OphMAE: Bridging Volumetric and Planar Imaging with a Foundation Model for Adaptive Ophthalmological Diagnosis
Tienyu Chang, Zhen Chen, Renjie Liang, Jinyu Ding, Jie Xu, Sunu Mathew, Amir Reza Hajrasouliha, Andrew J. Saykin, Ruogu Fang, Yu Huang, Jiang Bian, Qingyu Chen

TL;DR
OphMAE is a novel foundation model that effectively combines 3D and 2D ophthalmic imaging modalities, achieving state-of-the-art diagnostic performance and robustness across diverse tasks and limited data scenarios.
Contribution
This work introduces OphMAE, a multi-modal foundation model with a cross-modal fusion architecture, enabling adaptive ophthalmic diagnosis using volumetric and planar OCT images.
Findings
Achieved 96.9% AUC for AMD diagnosis.
Maintains 93.7% AUC with single 2D modality inputs.
Retains 95.7% AUC with only 500 labeled samples.
Abstract
The advent of foundation models has heralded a new era in medical artificial intelligence (AI), enabling the extraction of generalizable representations from large-scale unlabeled datasets.
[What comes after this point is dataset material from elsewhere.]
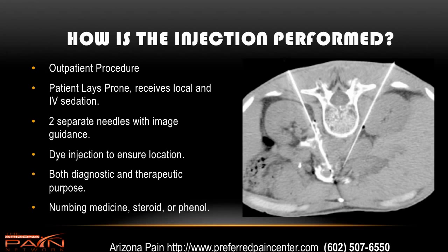How is the injection performed? It's an outpatient procedure. The patient lays prone — down on their stomach — and they receive local and IV sedation. They don't need to be put out for the procedure. The pain management doctor will use two separate needles with image guidance. Here you have a CAT scan — you can see the kidneys here. Basically, there'll be a needle put in on either side around the spine into where the celiac plexus is. Fluoroscopy, which is a real-time x-ray, is what's most commonly used. Once the doctor has the needle in the desired area, they will inject dye to make sure they're not in a blood vessel and that they like the positioning. Once satisfied, they will put in numbing medicine along with maybe some steroid medicine or possibly phenol, which is a type of alcohol that can deaden the plexus and give months of pain relief.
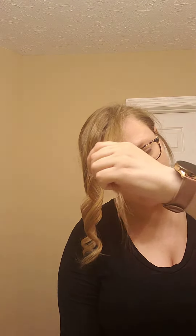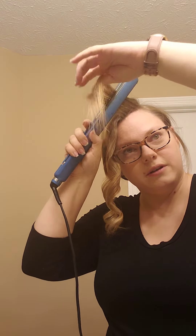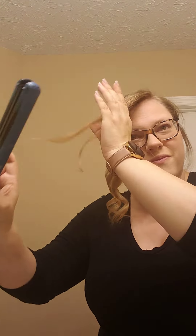One more time. Clamp, turn away from our face, and there you are. I used a little bit less tension on this one so it's a little bit looser — no big deal. It creates different looks, which is awesome.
However, current ophthalmic AI paradigms are predominantly constrained to single-modality inference, thereby creating a dissonance with clinical practice where diagnosis relies on the synthesis of complementary imaging modalities. Furthermore, the deployment of high-performance AI in resource-limited settings is frequently impeded by the unavailability of advanced three-dimensional imaging hardware. Here, we present the Ophthalmic multimodal Masked Autoencoder (OphMAE), a multi-imaging foundation model engineered to synergize the volumetric depth of 3D Optical Coherence Tomography (OCT) with the planar context of 2D en face OCT. By implementing a novel cross-modal fusion architecture and a unique…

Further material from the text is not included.